Another Tribute to Jean Braucher: On the Lighter Side
Bob’s post made me cry. Jean was an incredible scholar and colleague. She also had a fun, light side that I will forever cherish, and that I share here.
I met Jean about 18 years ago through my mentor Bill Woodward (formerly of Temple University Law, now at Santa Clara Law), Jean and Bill were very close academic friends and he thought Jean and I would also hit it off. He was right. From the very beginning, she helped me with everything from casebook selection to choosing (and negotiating) my job here. Not too long after I moved to New Mexico Law, Jean moved to the Arizona Law faculty. Bill used to ask me “do you ever see Jean out there?” as if we’d now run into each other regularly, since we lived just 7 hours apart by car. The west is a big place, for all your easterners out there, but actually, Bill was on to something. Whatever the reason, Jean herself became a mentor and close friend.
We organized a few conferences together, most recently at Washington and Lee in 2011 with Jim Hawkins (Houston law Center). Wherever we were, we always stayed up late, drinking and gossiping and just having fun. One year at Richard Alderman’s Conference in Houston, my husband said “that’s it, no more hanging out with Jean Braucher” (Mary Spector you were also implicated)
My favorite memories were when Jean helped me put together a list of potential outside reviewers for my scholarship, at both my promotion time and for my tenure review (yes it is odd to do outside reviews at promotion time, I know, and here, the candidate puts together one list, the committee another, also odd). Jean’s first thought at the promotion stage was Bill Whitford, yes it would be Bill Whitford, she decided, plus a few others.
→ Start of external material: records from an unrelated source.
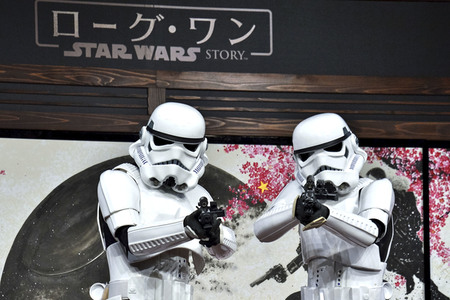 Pressekonferenz 'Star Wars: Rogue One' in Tokio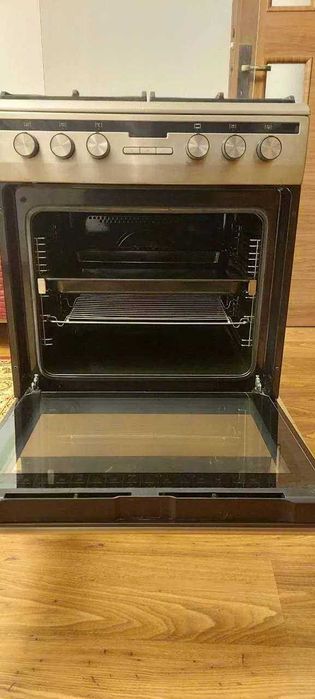 Газова | газовая плита нержавійка Amica 6117GET3. Доставлю, занесу!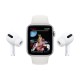 Apple Watch Series 6 Nike OLED Plata GPS (satélite) mg293ty/a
She then called back in a tizzy (not really, Jean was never in a tizzy), and asked me to retrieve the list and remove Bill because at elite schools (like Wisconsin apparently), the reviewer was required to say something negative in order to have credibility, and perhaps we should pick people from lesser schools, since this was supposed to be my list. I had forgotten all about this until thinking about this tribute. It is cute how she tried to protect me from you, Bill.
We will all miss Jean. I cannot actually believe that she is gone, but it’ll surely sink in at the next conference. Of course we will also miss her contributions to Credit Slips.